* Task item: Transcribe word for word the section of the records below that opens with the line containing "Foto del edificio - 512 Hampshire St" and closes with the line containing "Cozy - Close"; drop every picture.

* Data for this task:
******
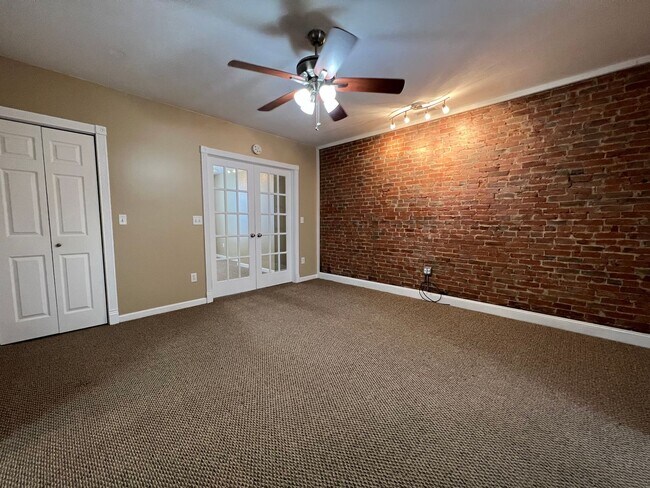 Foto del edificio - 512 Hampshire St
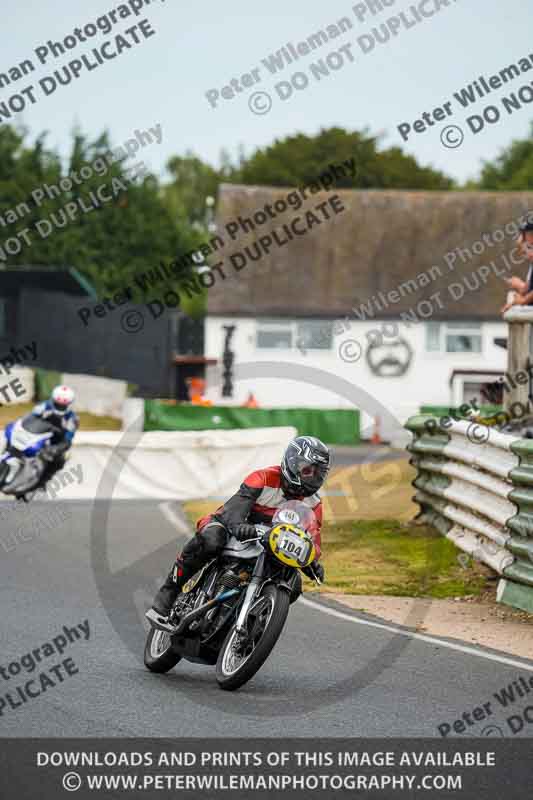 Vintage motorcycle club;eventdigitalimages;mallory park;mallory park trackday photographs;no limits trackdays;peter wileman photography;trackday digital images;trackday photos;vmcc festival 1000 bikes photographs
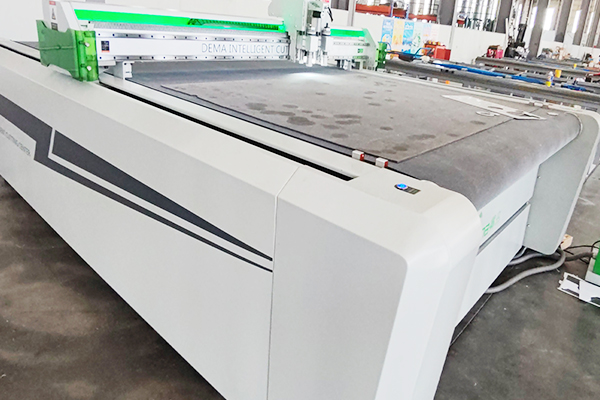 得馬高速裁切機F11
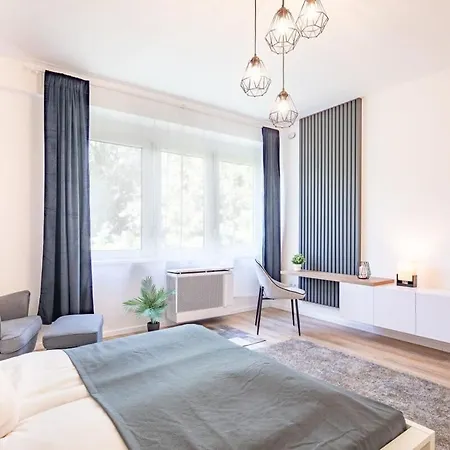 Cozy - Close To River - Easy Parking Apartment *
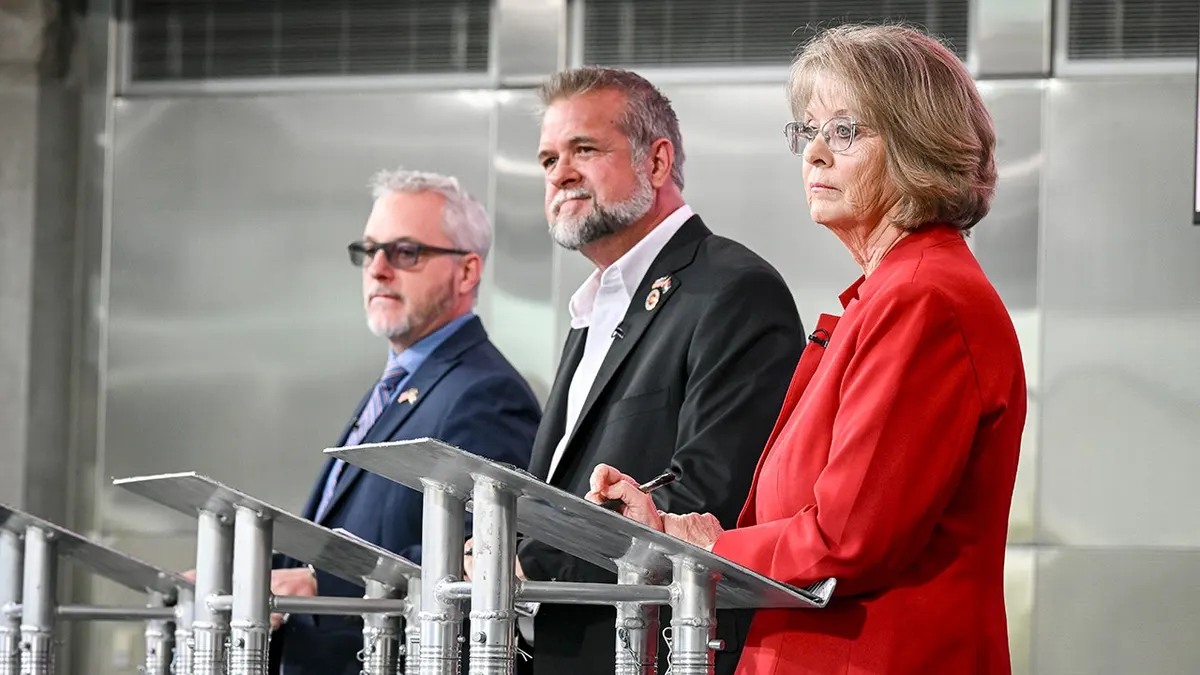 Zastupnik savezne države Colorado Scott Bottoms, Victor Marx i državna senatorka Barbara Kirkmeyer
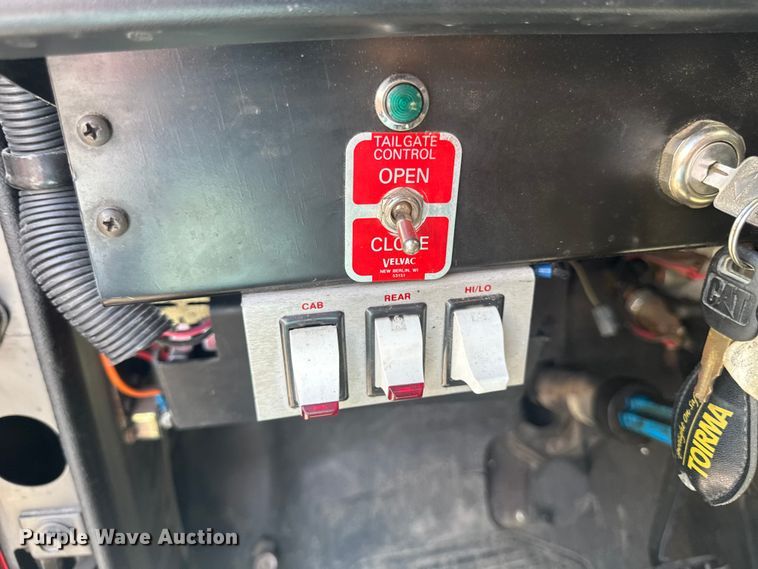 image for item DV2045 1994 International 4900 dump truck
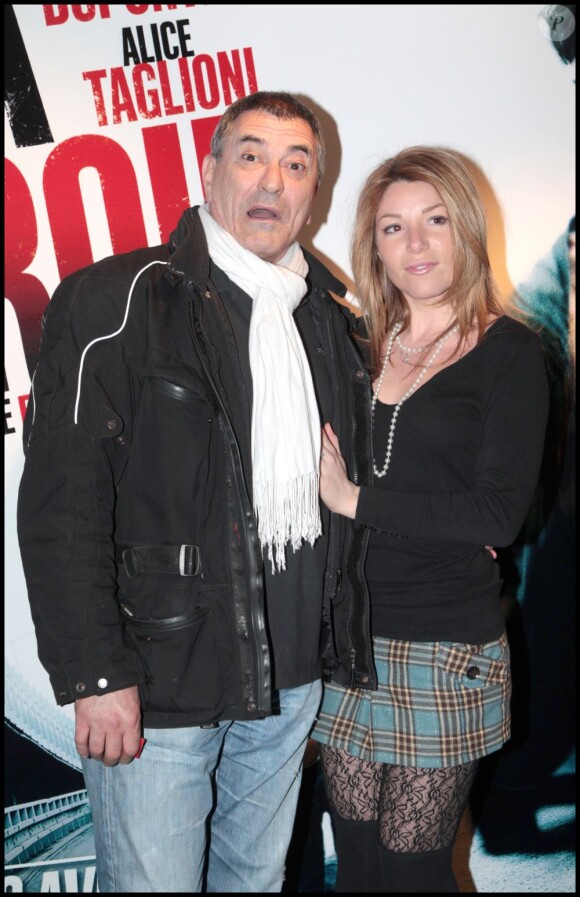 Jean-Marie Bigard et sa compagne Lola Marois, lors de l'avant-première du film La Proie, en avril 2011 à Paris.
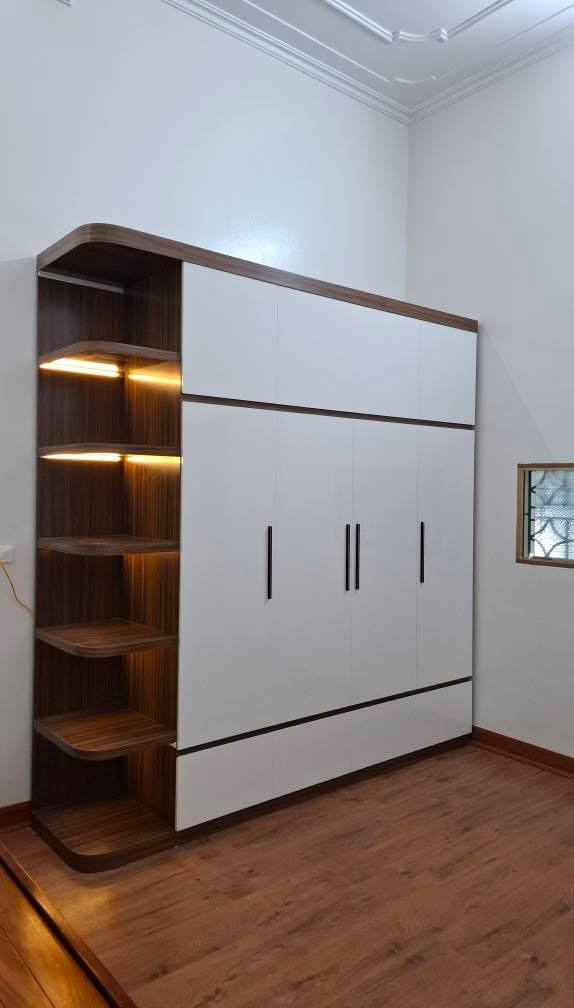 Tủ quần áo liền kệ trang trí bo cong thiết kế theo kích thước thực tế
******
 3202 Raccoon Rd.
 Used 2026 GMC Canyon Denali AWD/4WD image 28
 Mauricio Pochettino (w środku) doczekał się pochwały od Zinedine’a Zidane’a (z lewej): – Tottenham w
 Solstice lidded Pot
******
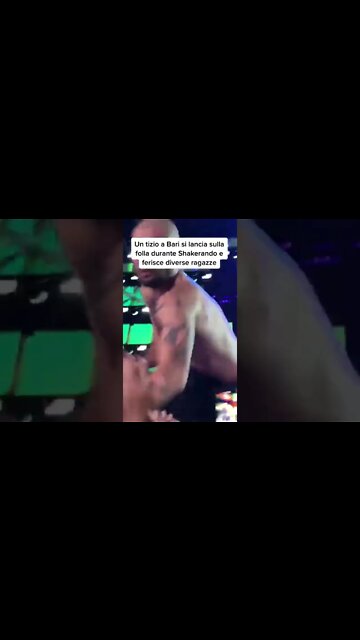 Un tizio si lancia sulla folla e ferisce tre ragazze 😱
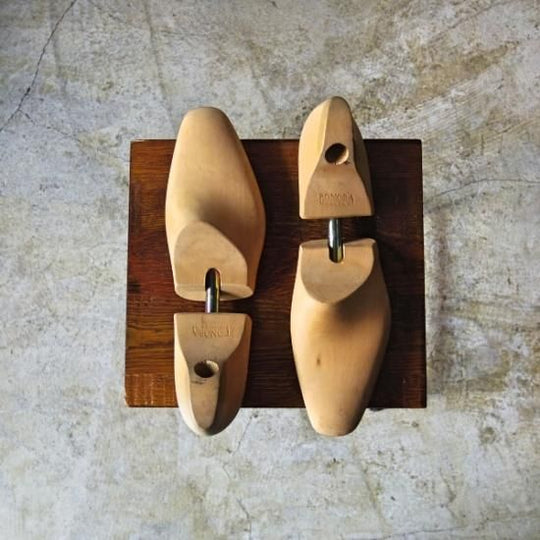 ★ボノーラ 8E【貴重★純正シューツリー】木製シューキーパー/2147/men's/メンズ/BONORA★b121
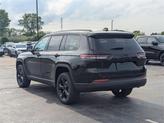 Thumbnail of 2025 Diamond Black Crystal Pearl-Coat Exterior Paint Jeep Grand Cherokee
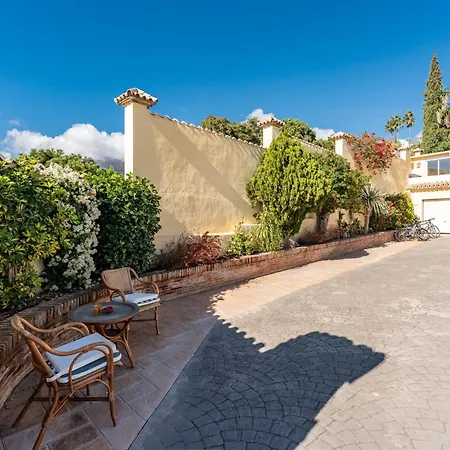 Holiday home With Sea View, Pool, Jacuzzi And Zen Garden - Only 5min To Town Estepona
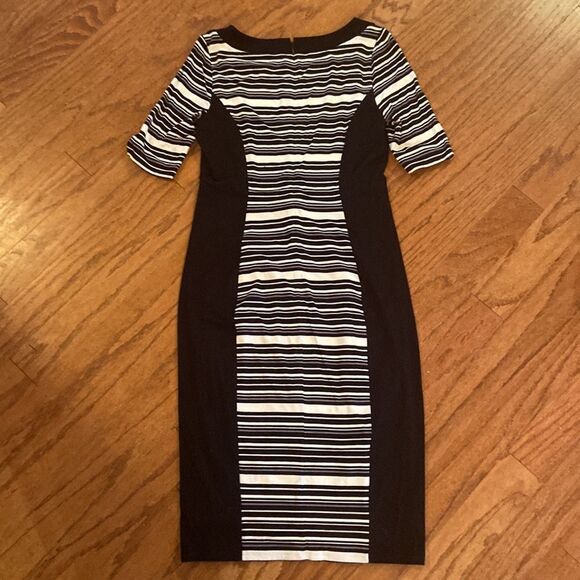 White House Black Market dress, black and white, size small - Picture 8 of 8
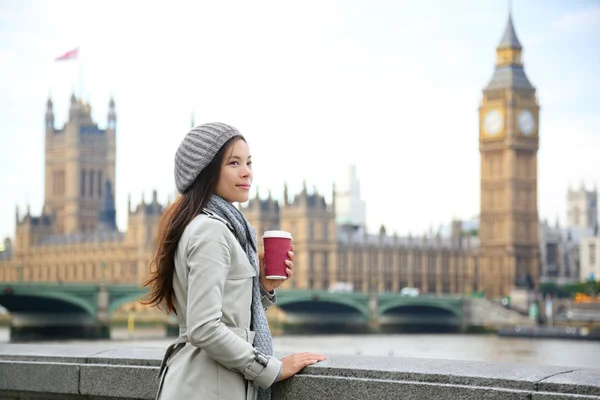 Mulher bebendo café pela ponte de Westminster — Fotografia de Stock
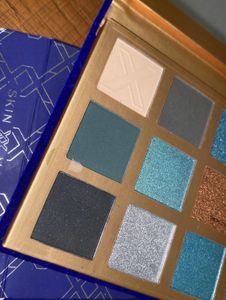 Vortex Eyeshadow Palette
******
* Solution to the problem:
 Foto del edificio - 512 Hampshire St
 Vintage motorcycle club;eventdigitalimages;mallory park;mallory park trackday photographs;no limits trackdays;peter wileman photography;trackday digital images;trackday photos;vmcc festival 1000 bikes photographs
 得馬高速裁切機F11
 Cozy - Close To River - Easy Parking Apartment *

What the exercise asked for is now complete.